Today I was asked by the BA in my team to look into a particular problem trying to be solved within an Excel workbook.
I know, I know, don’t get me started on companies using overly engineered Excel workbooks to run their business…
Moving right along.
The problem was based on a list of data, if a column value of a row was set, display the key of that row in a list.
i.e.
Table of RSVPs to a list of attendees.

Upon first glance I though this would be very simple, and in any query language it would be.
However when I actually sat down to look at the problem, I realised I could get the list very easily, but displaying it without blank values was a problem.
i.e.
With a simple =IF(B2=”Yes”,A2,”") formula I could produce

Removing those blanks however was a little more interesting.
Due to my before mentioned “dislike” for overly engineered Excel workbooks, I told myself I would not revert to doing it in a VBA Macro, I would solve this with a formula.
Eventually I stumbled across this helpful little function at http://www.cpearson.com/excel/noblanks.aspx
=IFERROR(INDEX(BlanksRange,SMALL((IF(LEN(BlanksRange),ROW(INDIRECT("1:"&ROWS(BlanksRange))))),ROW(A1)),1),"")
While not easy to read, when copied into a range of cells the same size as the original list (including blanks), this formula will populate said range with the non blank values sequentially.
So I took my first function to create the temporary list of attendees (including blanks).

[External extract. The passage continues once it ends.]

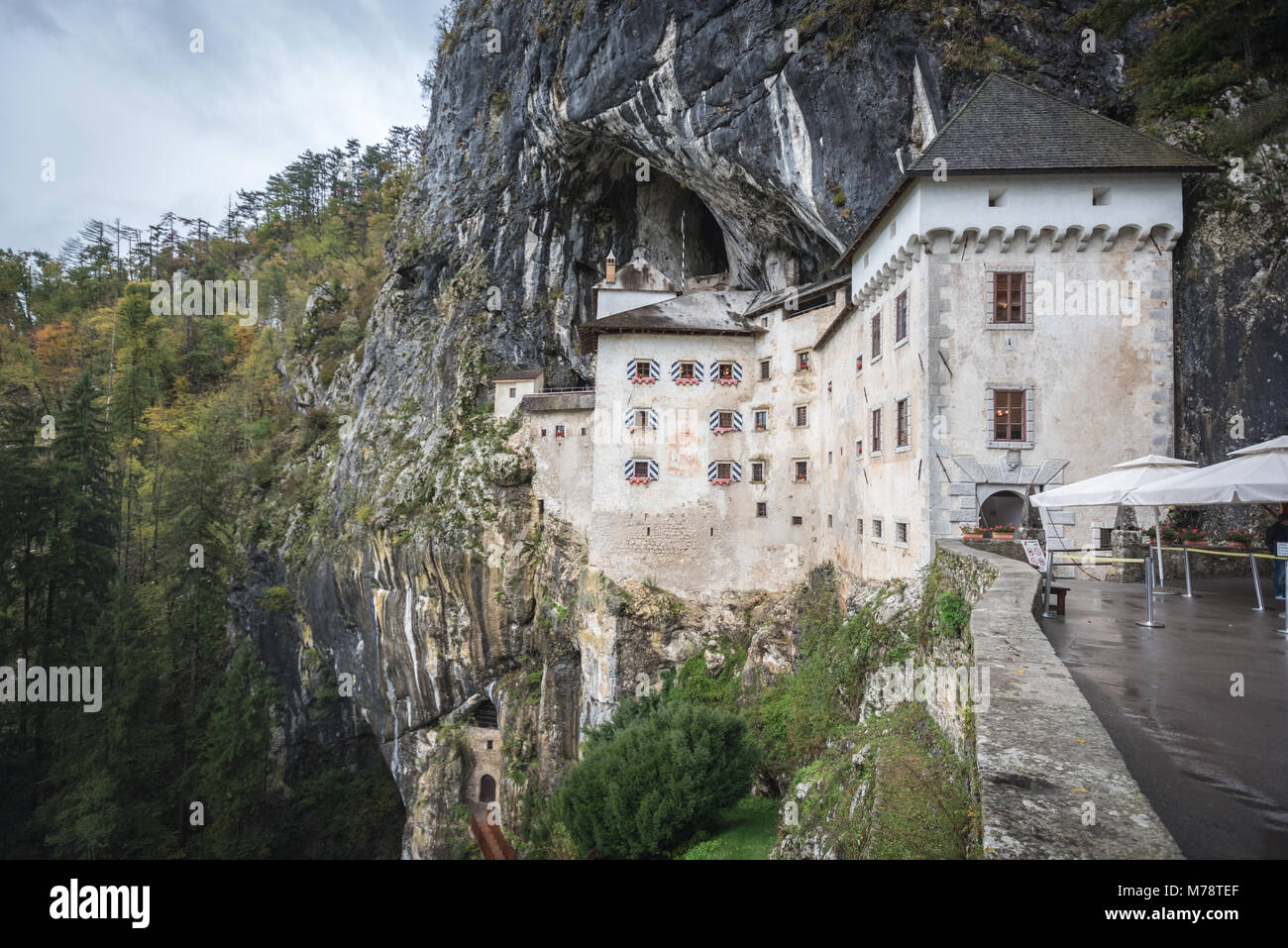 Burg Predjama im Mund der Höhle, Slowenien Stockfoto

And then use the above formula to select the values from this list without the blanks.

Now this is a simple contrived example but I have tested this with 1000 rows of data with up to 30 character strings as the keys and it still is almost instant performance.
One thing to note: If you don’t actually follow the above link. This is an array function, therefore when entering or subsequently editing it you must commit your change with CTRL + Shift + Enter not just Enter.